Zotero Versus

Brian Croxall recently lit up the comment feed at the Chronicle with his ProfHacker comparison of “Zotero vs. Endnote,” where the debate centered mostly around issues of citation fidelity. As Fred Gibbs notes, however, “while citation formatting is one major reason to use bibliographic software, it isn’t necessarily the only or even primary reason, especially in the humanities.” Zotero’s citation functionality was always imagined merely as bait: by providing this labor-saving functionality, Zotero would encourage each user to move her research into what amounted to a fully searchable and shareable relational database that could be subjected to text mining and other analysis. Here researchers could begin to do truly remarkable and new things with their evidence.

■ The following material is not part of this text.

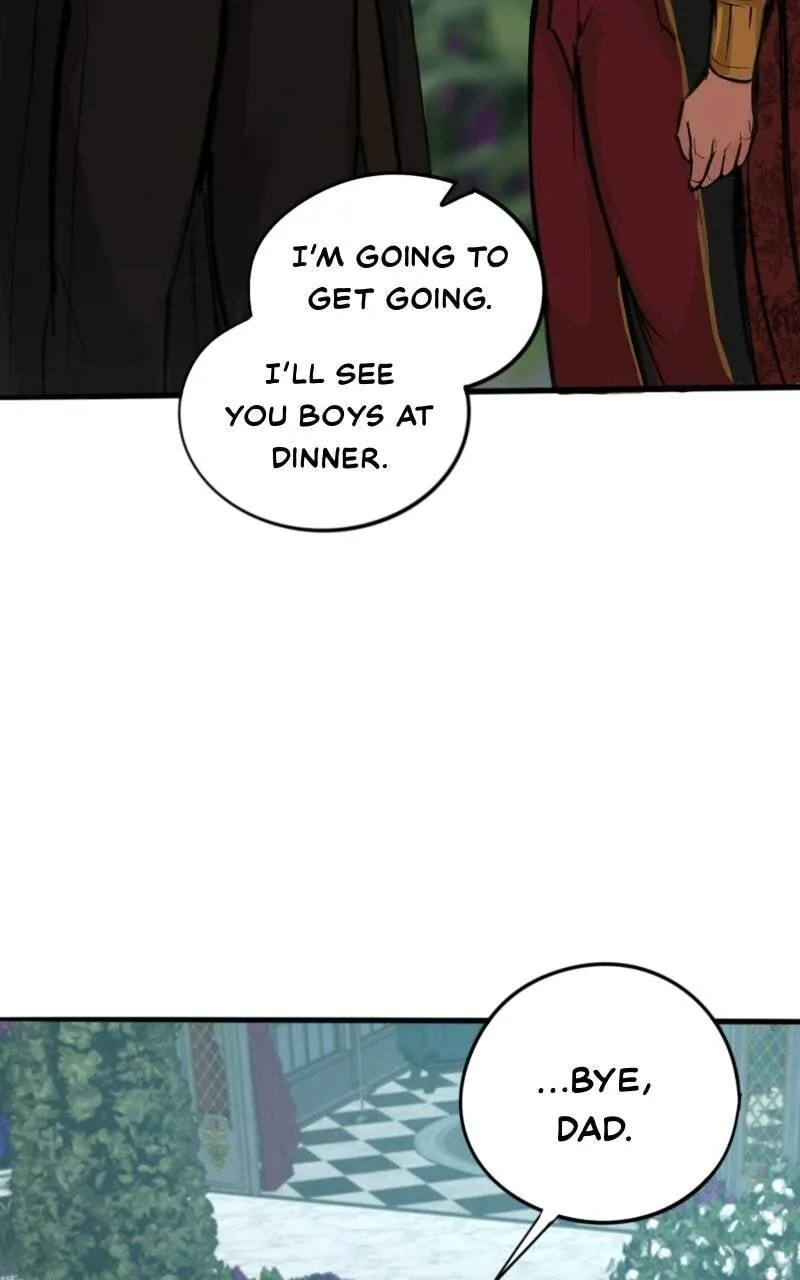 Osora Chapter 115 page 57 -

A few commenters, as well as Fred, tried to shift the discussion toward the issue of cost and openness, and in particular to Zotero’s status as free/libre open source software (FLOSS). Many of Zotero’s most dedicated users have championed the software in the name of FLOSS, but this line of argument frequently falls on deaf ears, or even ears that are conditioned to reject FLOSS as somehow anti-market or anti-capitalist. From my perspective, FLOSS in and of itself is a fairly unpersuasive argument for using Zotero, akin to knee-jerk calls to “Buy American!” in the 1980s, when the USA still did some manufacturing. Buying American and using FLOSS might make one feel some sense of moral superiority, but at the end of the day can those feelings still paper over our sense of existential dread when faced with driving to work in our crumbling K-cars or cobbling together a dissertation with shitty research software?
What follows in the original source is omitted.